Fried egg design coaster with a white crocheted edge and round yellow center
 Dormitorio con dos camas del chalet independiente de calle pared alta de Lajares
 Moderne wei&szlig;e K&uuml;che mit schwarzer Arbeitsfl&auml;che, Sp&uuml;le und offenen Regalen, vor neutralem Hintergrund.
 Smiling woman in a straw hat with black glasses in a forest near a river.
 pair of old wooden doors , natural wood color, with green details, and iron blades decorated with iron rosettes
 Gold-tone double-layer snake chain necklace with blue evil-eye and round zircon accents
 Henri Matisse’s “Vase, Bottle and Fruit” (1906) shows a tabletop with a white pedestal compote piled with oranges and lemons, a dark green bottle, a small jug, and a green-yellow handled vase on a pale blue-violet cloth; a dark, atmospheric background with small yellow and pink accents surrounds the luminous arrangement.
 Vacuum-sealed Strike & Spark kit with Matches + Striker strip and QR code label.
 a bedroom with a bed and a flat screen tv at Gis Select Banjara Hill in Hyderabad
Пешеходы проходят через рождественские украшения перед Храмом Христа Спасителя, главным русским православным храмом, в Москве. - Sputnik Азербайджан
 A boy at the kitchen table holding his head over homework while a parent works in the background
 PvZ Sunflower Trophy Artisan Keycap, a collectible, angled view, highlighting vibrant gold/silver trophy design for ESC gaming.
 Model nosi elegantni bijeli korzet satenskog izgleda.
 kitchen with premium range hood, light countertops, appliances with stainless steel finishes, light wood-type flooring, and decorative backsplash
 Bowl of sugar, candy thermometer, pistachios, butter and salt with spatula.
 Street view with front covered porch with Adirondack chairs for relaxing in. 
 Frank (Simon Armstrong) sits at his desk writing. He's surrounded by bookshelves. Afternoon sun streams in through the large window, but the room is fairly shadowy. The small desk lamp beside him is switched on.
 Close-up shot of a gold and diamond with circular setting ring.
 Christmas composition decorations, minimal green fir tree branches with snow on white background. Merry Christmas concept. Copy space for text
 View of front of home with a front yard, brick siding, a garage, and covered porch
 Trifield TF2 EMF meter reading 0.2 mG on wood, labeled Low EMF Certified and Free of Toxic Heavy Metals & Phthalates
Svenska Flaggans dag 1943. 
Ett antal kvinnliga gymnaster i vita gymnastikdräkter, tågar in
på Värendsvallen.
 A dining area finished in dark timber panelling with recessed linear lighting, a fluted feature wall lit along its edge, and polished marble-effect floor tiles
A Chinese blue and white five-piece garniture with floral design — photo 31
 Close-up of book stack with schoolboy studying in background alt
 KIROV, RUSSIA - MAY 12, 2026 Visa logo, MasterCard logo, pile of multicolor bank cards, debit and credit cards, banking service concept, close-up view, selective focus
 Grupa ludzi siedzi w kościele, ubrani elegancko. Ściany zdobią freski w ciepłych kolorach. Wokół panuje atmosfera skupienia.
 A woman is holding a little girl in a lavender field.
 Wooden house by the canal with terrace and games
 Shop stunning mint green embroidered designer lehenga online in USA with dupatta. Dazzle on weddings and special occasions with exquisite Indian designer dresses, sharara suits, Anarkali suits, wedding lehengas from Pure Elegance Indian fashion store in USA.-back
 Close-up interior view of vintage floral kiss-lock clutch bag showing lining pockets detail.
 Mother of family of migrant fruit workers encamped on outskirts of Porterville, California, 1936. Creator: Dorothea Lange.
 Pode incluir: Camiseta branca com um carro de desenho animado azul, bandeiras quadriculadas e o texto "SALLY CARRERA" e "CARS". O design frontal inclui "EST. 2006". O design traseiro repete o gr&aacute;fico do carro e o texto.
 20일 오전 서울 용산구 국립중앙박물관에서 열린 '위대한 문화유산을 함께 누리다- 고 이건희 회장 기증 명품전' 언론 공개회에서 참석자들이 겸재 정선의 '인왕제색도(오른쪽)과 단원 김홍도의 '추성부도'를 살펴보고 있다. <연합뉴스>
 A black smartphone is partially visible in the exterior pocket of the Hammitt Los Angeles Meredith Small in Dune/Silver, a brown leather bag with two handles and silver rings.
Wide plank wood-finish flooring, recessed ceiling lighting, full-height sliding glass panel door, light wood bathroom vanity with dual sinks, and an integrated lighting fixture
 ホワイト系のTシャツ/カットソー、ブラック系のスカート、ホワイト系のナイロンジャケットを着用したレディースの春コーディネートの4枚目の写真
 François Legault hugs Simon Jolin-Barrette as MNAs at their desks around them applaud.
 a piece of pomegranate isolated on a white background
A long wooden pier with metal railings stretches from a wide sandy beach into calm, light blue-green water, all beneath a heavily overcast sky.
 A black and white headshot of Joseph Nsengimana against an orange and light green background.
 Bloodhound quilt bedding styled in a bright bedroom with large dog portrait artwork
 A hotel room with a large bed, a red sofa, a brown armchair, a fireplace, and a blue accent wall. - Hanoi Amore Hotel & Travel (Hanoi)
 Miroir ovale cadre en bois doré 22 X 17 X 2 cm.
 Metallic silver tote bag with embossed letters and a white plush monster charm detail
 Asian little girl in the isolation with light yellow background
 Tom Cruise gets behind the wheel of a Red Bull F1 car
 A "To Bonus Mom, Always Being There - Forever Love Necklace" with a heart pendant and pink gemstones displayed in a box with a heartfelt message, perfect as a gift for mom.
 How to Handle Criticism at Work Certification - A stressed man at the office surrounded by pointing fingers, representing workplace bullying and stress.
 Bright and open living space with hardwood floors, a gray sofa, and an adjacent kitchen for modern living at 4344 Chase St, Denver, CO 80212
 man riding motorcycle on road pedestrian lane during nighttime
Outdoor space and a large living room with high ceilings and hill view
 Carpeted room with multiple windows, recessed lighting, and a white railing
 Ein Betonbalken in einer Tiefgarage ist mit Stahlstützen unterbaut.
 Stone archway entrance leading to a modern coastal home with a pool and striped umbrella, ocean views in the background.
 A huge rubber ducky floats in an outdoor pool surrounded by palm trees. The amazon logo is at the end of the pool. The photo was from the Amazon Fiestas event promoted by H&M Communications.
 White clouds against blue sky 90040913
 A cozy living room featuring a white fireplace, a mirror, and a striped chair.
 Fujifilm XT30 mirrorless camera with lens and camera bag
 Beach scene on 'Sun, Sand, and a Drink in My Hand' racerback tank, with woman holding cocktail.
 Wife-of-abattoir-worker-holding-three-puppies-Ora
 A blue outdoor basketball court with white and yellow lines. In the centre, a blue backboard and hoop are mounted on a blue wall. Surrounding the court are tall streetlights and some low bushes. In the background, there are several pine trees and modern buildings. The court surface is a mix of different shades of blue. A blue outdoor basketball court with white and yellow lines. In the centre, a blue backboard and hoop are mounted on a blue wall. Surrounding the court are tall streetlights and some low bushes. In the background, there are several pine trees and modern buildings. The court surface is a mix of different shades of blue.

**REQUIREMENT:**
Please return the lines above that run from the line containing "Stone archway entrance" to the line containing "Wife-of-abattoir-worker-holding-three-puppies-Ora", inclusive, exactly and with no other lines.

**ANSWER TO THIS PROBLEM:**
 Stone archway entrance leading to a modern coastal home with a pool and striped umbrella, ocean views in the background.
 A huge rubber ducky floats in an outdoor pool surrounded by palm trees. The amazon logo is at the end of the pool. The photo was from the Amazon Fiestas event promoted by H&M Communications.
 White clouds against blue sky 90040913
 A cozy living room featuring a white fireplace, a mirror, and a striped chair.
 Fujifilm XT30 mirrorless camera with lens and camera bag
 Beach scene on 'Sun, Sand, and a Drink in My Hand' racerback tank, with woman holding cocktail.
 Wife-of-abattoir-worker-holding-three-puppies-Ora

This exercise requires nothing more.